The culture of secrecy has developed in this country as a result of the vast corruption that, especially during the Arroyo regime, has metastasized throughout government and the rest of Philippine society. Among other purposes, an FOI act is meant to dismantle that culture in behalf of effective governance and the campaign to end corruption.
President Benigno Aquino III’s failure to even hint at the need for a Freedom of Information act in his 2011 State of the Nation Address, his non-inclusion of it in last year’s as well as this year’s legislative agenda, and most of all the emphasis on restrictions rather than access to information of the FOI bill his office has put together, reveal an aversion to the public right to information on government matters. It’s not his subalterns who’re making the passage of an FOI bill problematic, it’s Mr. Aquino himself.

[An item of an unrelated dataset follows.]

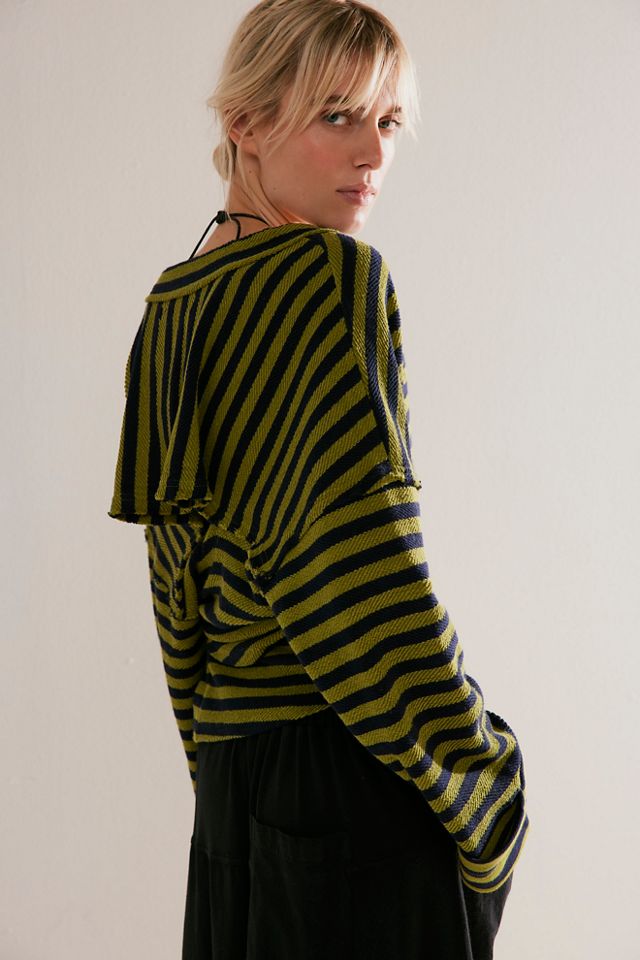 Pull rayé Alyria #2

Mr. Aquino’s prioritizing least an FOI bill, including the one he has had drafted, also indicates an inability to put together the strategies needed to combat the corruption he has pledged to end, public information being the most powerful instrument available to citizens in both exposing and preventing corruption. But between the lines of the Palace bill one can sense precisely the same claim to the “wang wang” entitlement — only we in government can tell you what you need to know — that Mr. Aquino inveighed against last July 25.
Is the public Mr. Aquino’s boss? Or is he his own?